Library as network
The book’s fifteen essays are each named for a view of the library: among them, the library as myth, as shadow, as power, as identity, and as home. Manguel approaches his subjects with a lifetime’s stock of anecdotes and consideration, but also with a disarming enthusiasm. As a teenager in 1960s Buenos Aires, he became a regular reader for Jorge Luis Borges, who was by then blind; as an adult, his literary career as editor, writer, professor, and reader took him from England to Tahiti, though a long sojourn in Canada, and at last to France, where he lives now, his 30,000-book library arranged in a renovated medieval presbytery.

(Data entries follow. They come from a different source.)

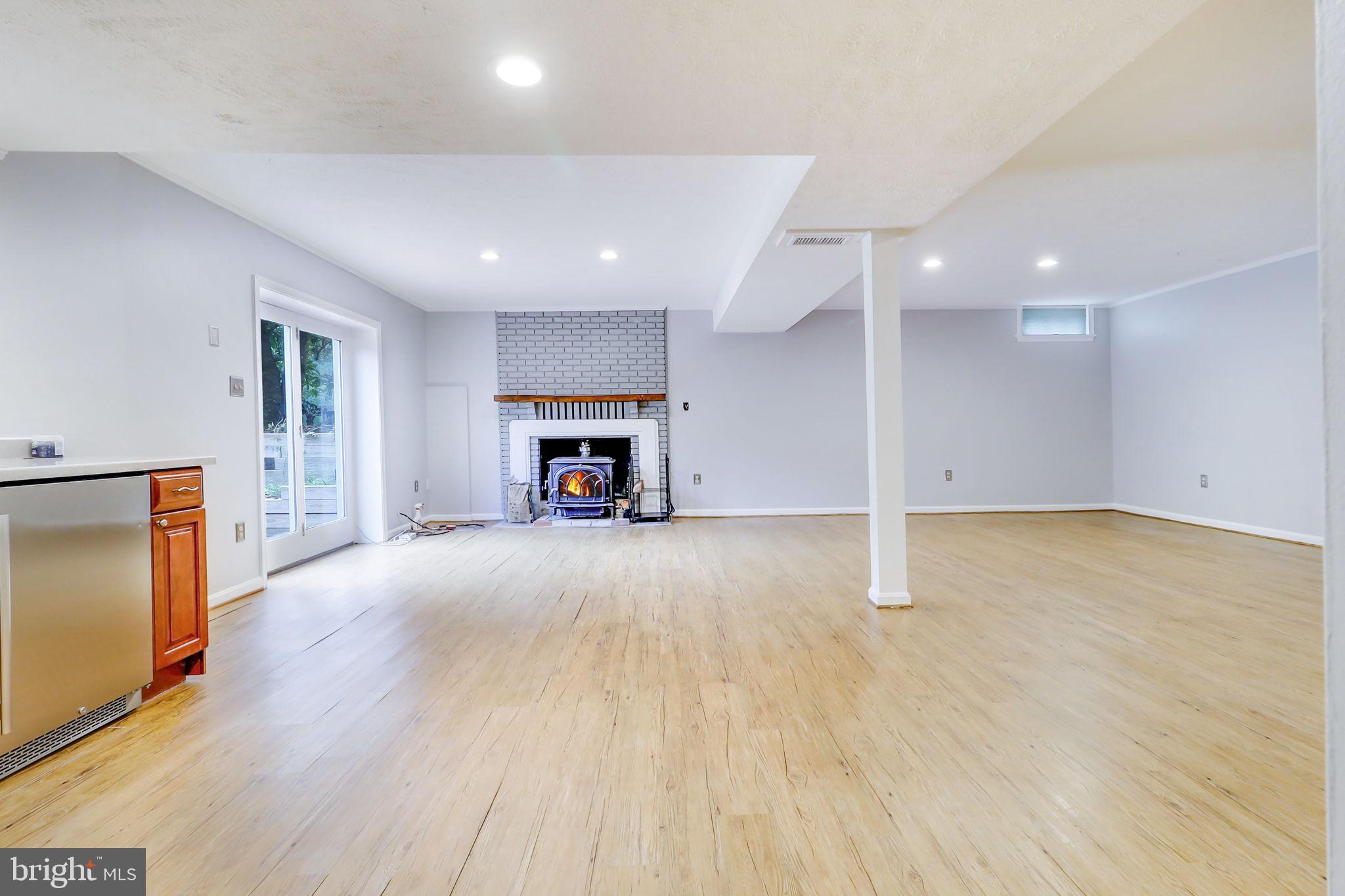 21960 Oatlands Road Aldie, VA 20105 - Photo 51 of 79 a view of empty room with a fireplace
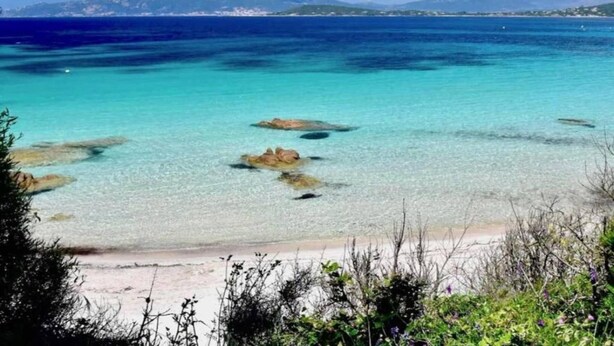 Ein Strand mit klarem türkisblauem Wasser, sichtbaren Felsen und einer fernen Küstenlinie mit Bergen.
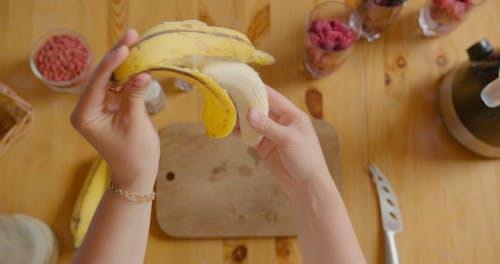 A Person Placing a Peeled Banana on a Wooden Chopping Board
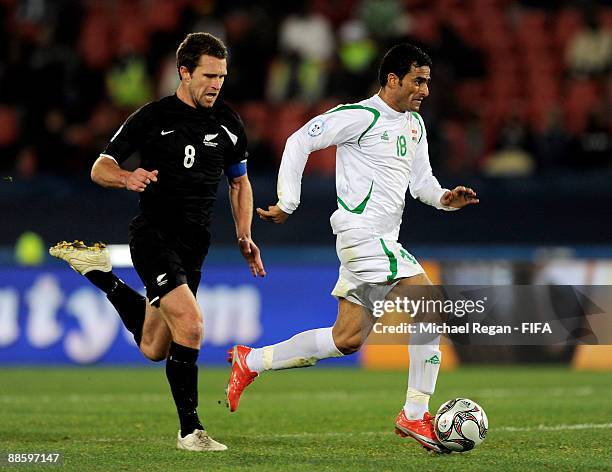 Mahdi Kareem of Iraq goes past Tim Brown of New Zealand during the FIFA Confederations Cup Group A match between Iraq and New Zealand at Ellis Park...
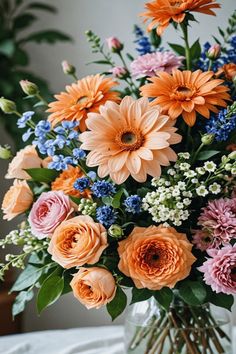 a vase filled with lots of different colored flowers on top of a white table cloth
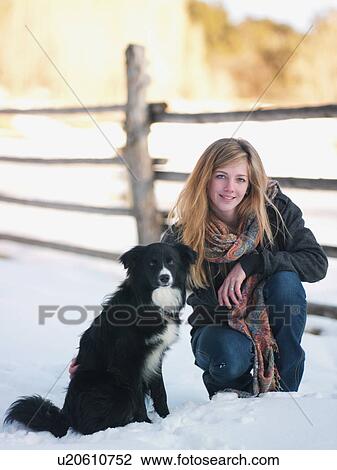 Young woman with dog on ranch View Large Photo Image Stock Image - Young woman with dog on ranch. Fotosearch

The Library at Night is the sort of book that rewards skipping around as well as straight-through reading, which makes it especially suitable for our purposes. This is not the sort of book club defined by stress about keeping up or catching up, and there aren’t spoilers to worry about, either. Instead, we offer a space for comfortable, serendipitous reading together, from a book that is quotable and complex, friendly and sometimes capricious.
How to get involved
In the Contents Book Club, we’ll be experimenting a lot, pulling in streams of highlights and commentary from Readmill, Kindles, tweets, and blog posts. In addition to this intro post, you can expect a mid-issue update and a final post at the end of February, along with tweets from our account.
There’s no right way to participate. You can read along in Readmill, post highlights from your Kindle and send us a link, tweet as you read (hashtag #contentsbc), write on your own site, or just comment here. To get you started, a few tastes:
- Reading Rooms, at Bookforum: “In the year 336, a monk had a vision of his Lord and painted scenes from the life of Buddha on the walls of a cave. Over the course of a millennium, chance turned this cave and others nearby into repositories of religious manuscripts and paraphernalia; nearly a millennium after that, chance led to the rediscovery of the site, now known as the Mogao Caves. What do such storehouses of memory grant us?”
- On the Library, from A Working Library: “The promise of ebooks (or, one promise, anyway), is their inherent connectedness.… In exchange for the loss of continuity, I gain a new space for metaphors: no longer within the texts, but between them.”
- Krista’s Readmill stream: “We can roam the bloated stacks of the Library of Alexandria, where all imagination and knowledge are assembled; we can recognize in its destruction the warning that all we gather will be lost, but also that much of it can be collected again…”
- Erik’s Readmill stream: “…unobserved in the late hours, my eyes and hands roam recklessly across the tidy rows, restoring chaos. One book calls to another unexpectedly, creating alliances across different cultures and centuries.”
- Allen’s Readmill stream: “Once a category is established, it suggests or imposes others, so that no cataloguing method, whether on shelf or on paper, is ever closed unto itself.”